Data listing section start

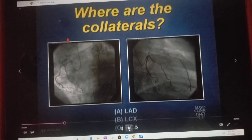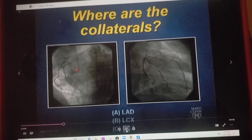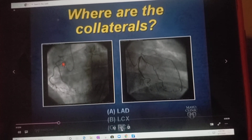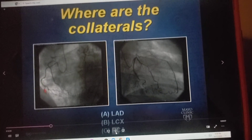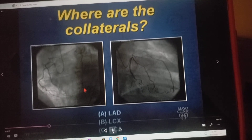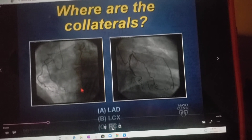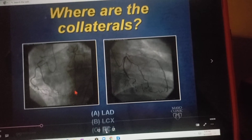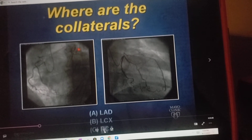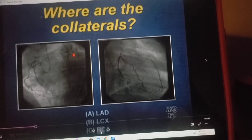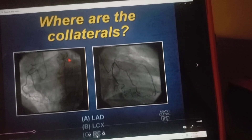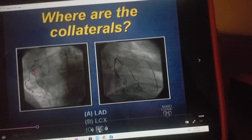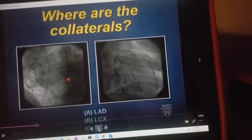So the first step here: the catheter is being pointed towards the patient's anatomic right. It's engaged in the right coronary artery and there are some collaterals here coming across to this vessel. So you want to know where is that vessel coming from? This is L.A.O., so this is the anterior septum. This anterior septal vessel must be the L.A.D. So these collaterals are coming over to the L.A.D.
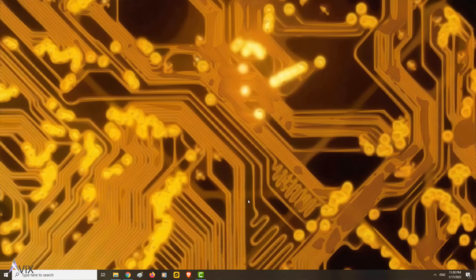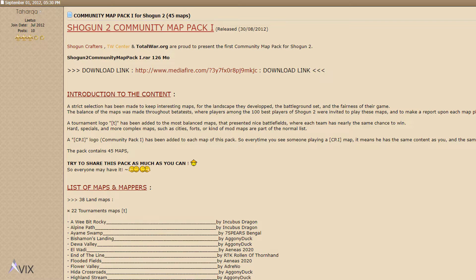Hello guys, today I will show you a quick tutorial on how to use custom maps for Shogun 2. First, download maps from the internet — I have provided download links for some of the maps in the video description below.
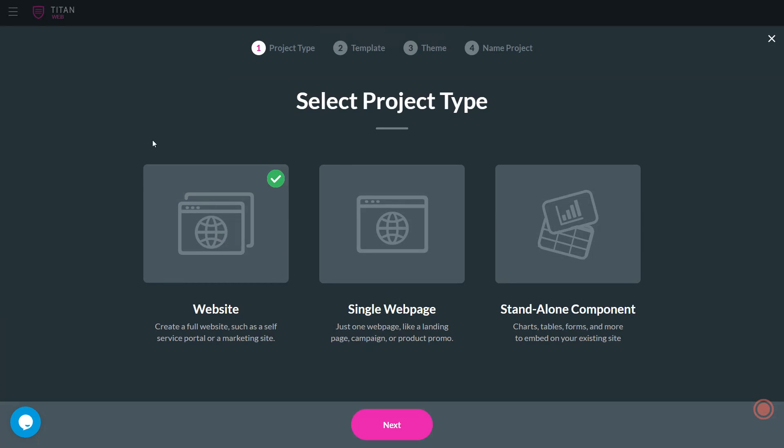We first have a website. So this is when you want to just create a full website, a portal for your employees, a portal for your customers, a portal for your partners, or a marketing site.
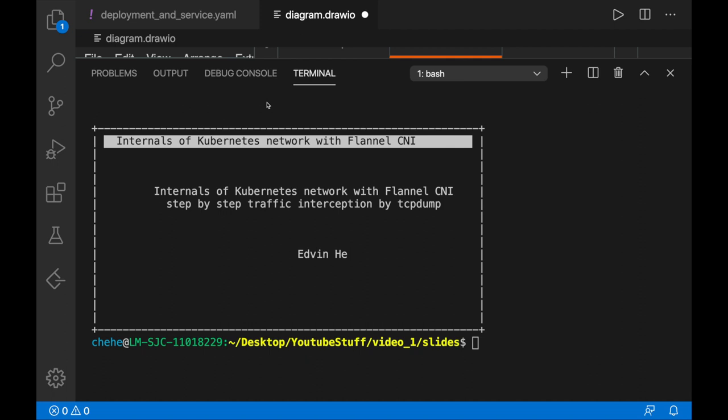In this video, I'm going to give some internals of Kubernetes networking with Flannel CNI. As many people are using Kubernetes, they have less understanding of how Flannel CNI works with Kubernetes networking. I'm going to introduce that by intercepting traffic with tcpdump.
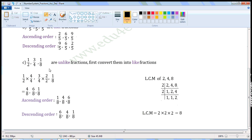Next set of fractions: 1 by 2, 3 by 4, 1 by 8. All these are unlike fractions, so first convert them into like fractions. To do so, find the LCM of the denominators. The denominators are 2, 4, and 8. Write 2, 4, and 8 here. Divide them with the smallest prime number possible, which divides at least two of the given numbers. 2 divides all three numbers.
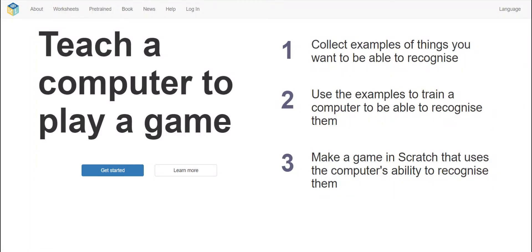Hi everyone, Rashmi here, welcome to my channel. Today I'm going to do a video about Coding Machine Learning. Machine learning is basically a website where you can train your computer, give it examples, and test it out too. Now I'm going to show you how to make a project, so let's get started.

Data listing section end

### Description of the task
Exactly reproduce the lines beginning at the one that contains "In this video, I'm" and ending at the final line of the material, with the pictures left out.

### Your response
In this video, I'm going to give some internals of Kubernetes networking with Flannel CNI. As many people are using Kubernetes, they have less understanding of how Flannel CNI works with Kubernetes networking. I'm going to introduce that by intercepting traffic with tcpdump.
Next set of fractions: 1 by 2, 3 by 4, 1 by 8. All these are unlike fractions, so first convert them into like fractions. To do so, find the LCM of the denominators. The denominators are 2, 4, and 8. Write 2, 4, and 8 here. Divide them with the smallest prime number possible, which divides at least two of the given numbers. 2 divides all three numbers.
Hi everyone, Rashmi here, welcome to my channel. Today I'm going to do a video about Coding Machine Learning. Machine learning is basically a website where you can train your computer, give it examples, and test it out too. Now I'm going to show you how to make a project, so let's get started.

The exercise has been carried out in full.